PROVIDED DATA:

####################

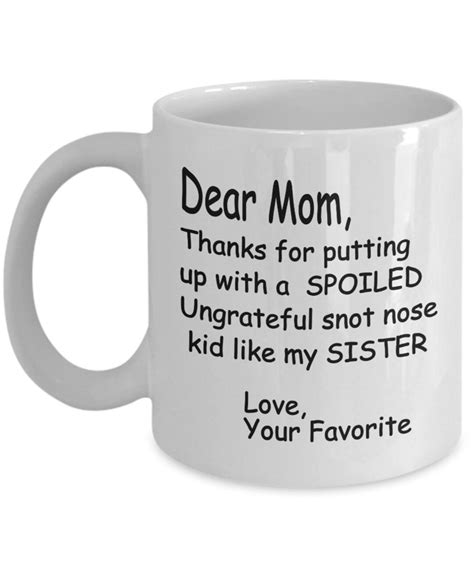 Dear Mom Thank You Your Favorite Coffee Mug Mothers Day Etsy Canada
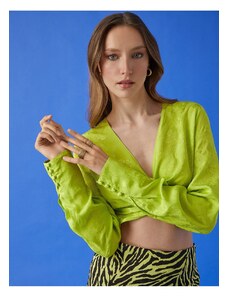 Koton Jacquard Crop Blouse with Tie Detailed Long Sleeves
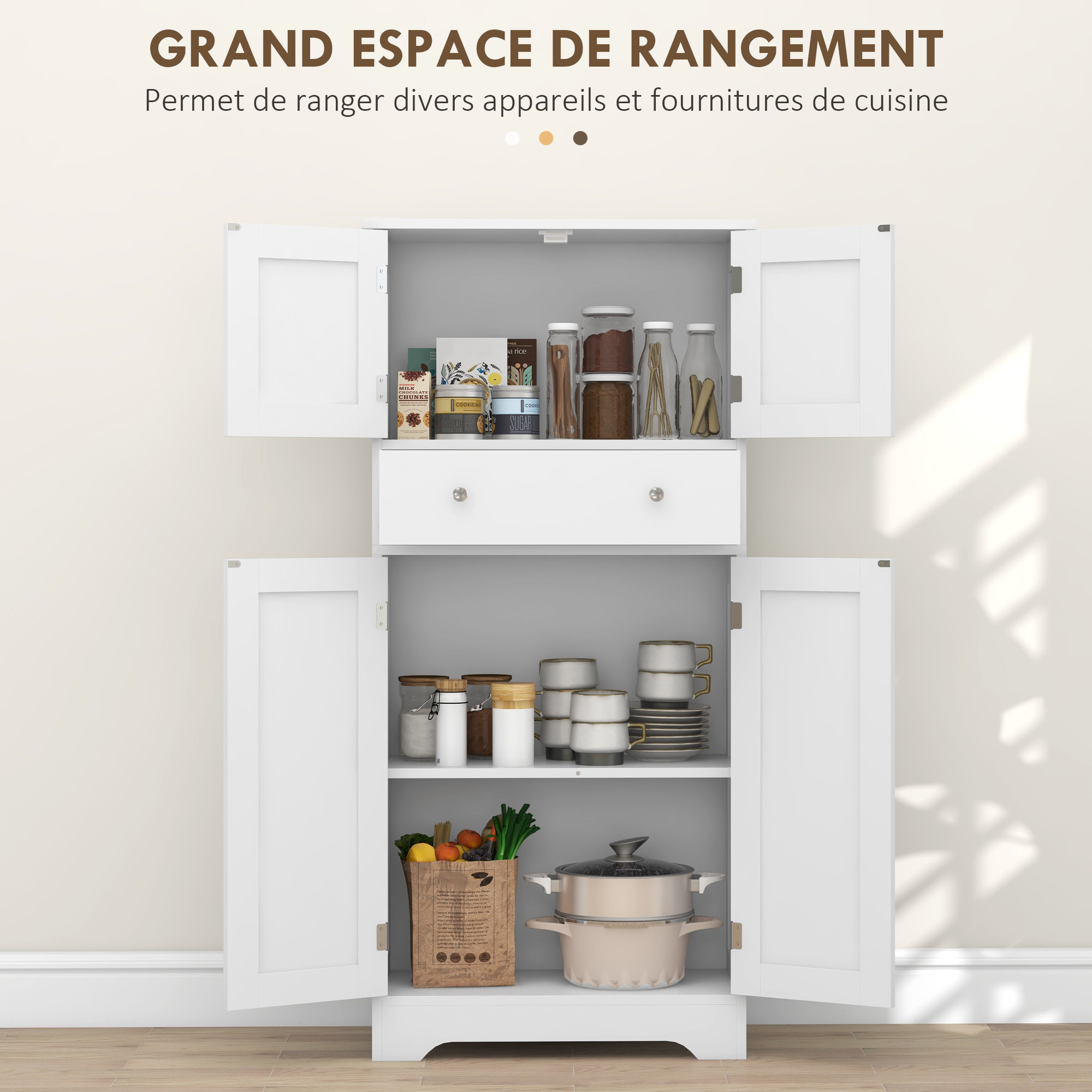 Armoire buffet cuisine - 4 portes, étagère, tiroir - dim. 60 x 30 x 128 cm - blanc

####################

TASK:
Omit the pictures. Transcribe word for word the lines from the one containing "Koton Jacquard Crop" through the end of the listing, inclusive.

WRITTEN REPLY:
 Koton Jacquard Crop Blouse with Tie Detailed Long Sleeves
 Armoire buffet cuisine - 4 portes, étagère, tiroir - dim. 60 x 30 x 128 cm - blanc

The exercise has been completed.